** SUPPLIED RECORDS follows **
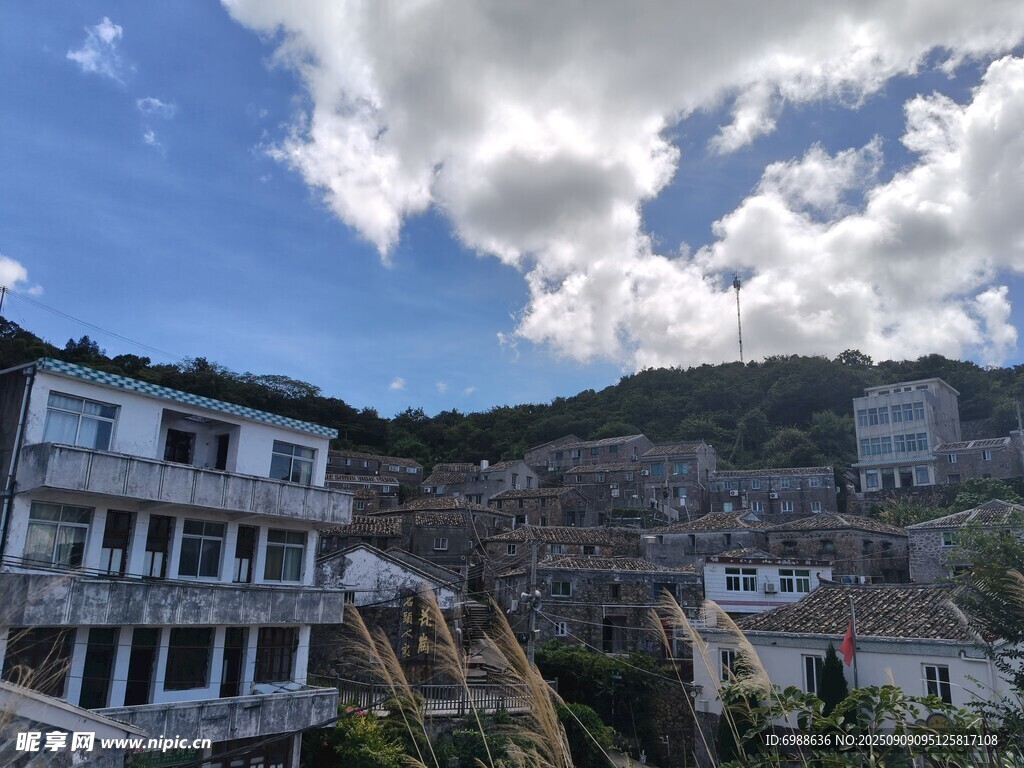 山间错落有致的房屋景观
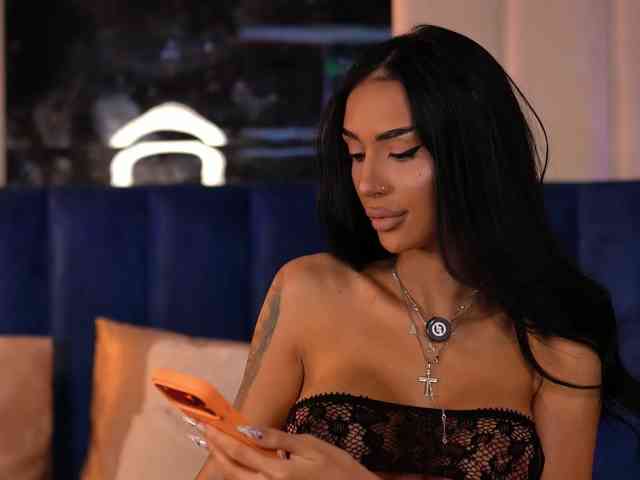 KimNaty webcam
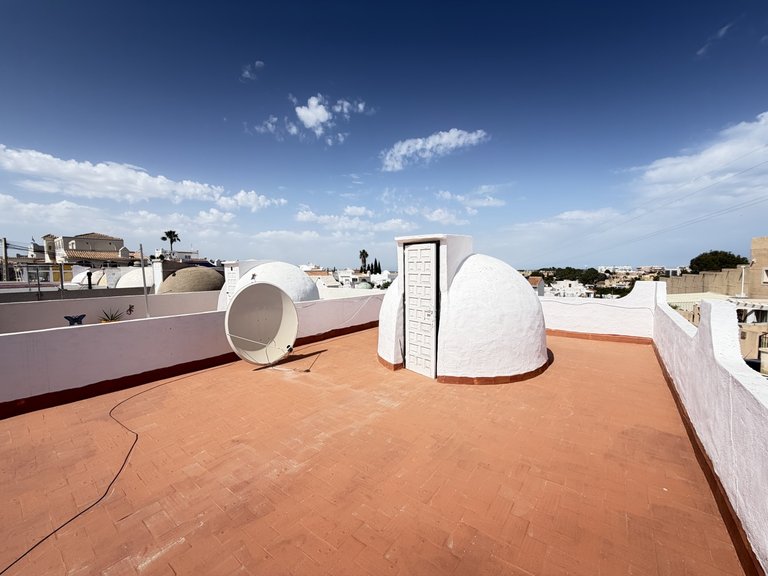 Villa for Sale in Villamartin, Alicante, 19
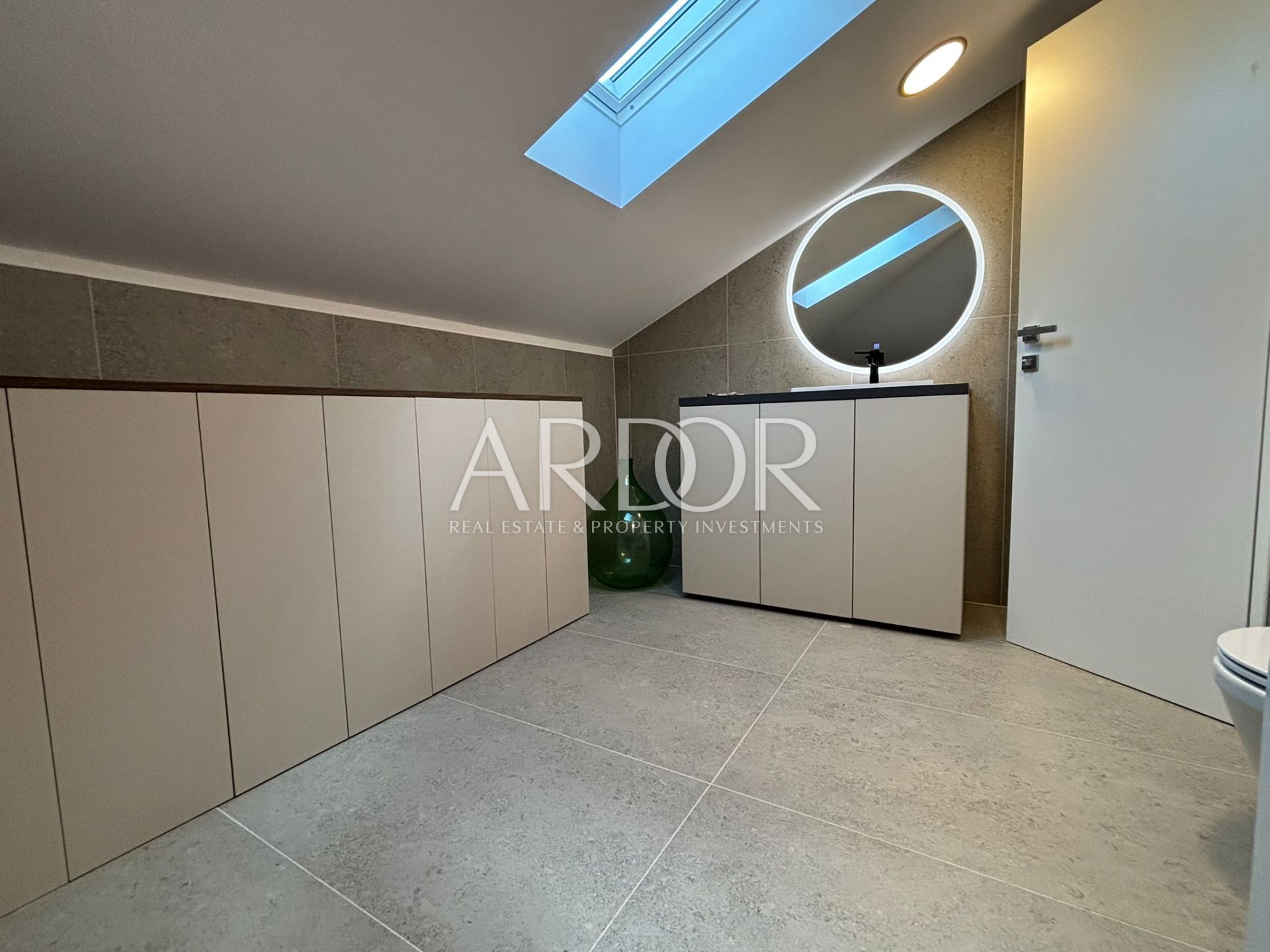 Flat For sale -  Vojak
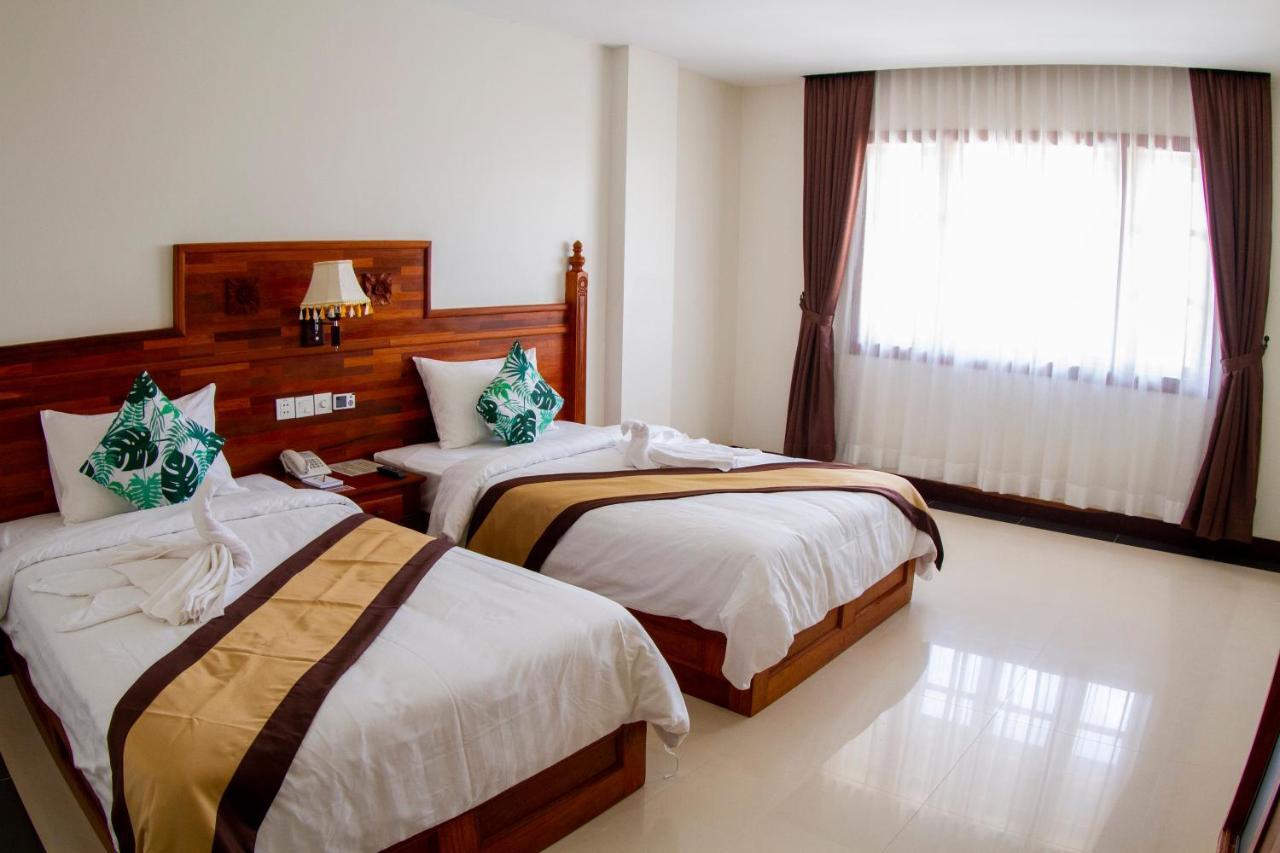 Kampong Thom Palace Hotel Exterior foto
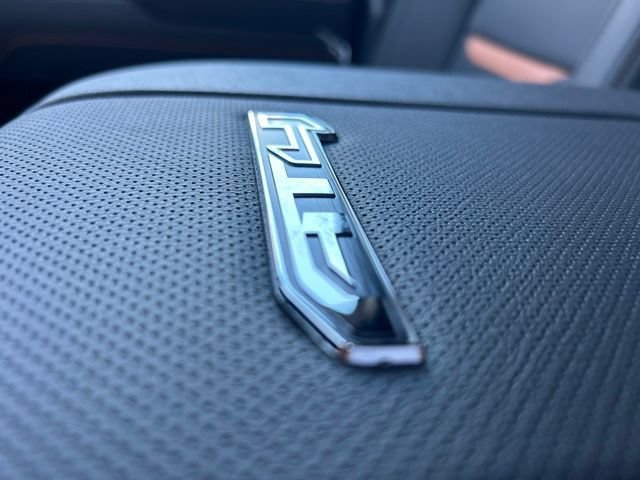 New 2026 GMC Sierra 2500 AT4 w/ AT4 Premium Plus Package AWD/4WD image 29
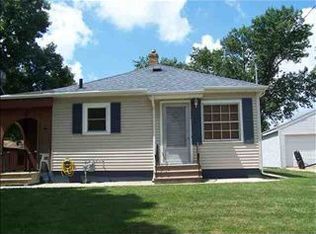 1034 Amherst Ave, Waterloo, IA 50702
** End of SUPPLIED RECORDS **
WORK TO BE COMPLETED: Apart from the pictures, all of the data must be duplicated exactly as shown above.

TASK ANSWER:
 山间错落有致的房屋景观
 KimNaty webcam
 Villa for Sale in Villamartin, Alicante, 19
 Flat For sale -  Vojak
 Kampong Thom Palace Hotel Exterior foto
 New 2026 GMC Sierra 2500 AT4 w/ AT4 Premium Plus Package AWD/4WD image 29
 1034 Amherst Ave, Waterloo, IA 50702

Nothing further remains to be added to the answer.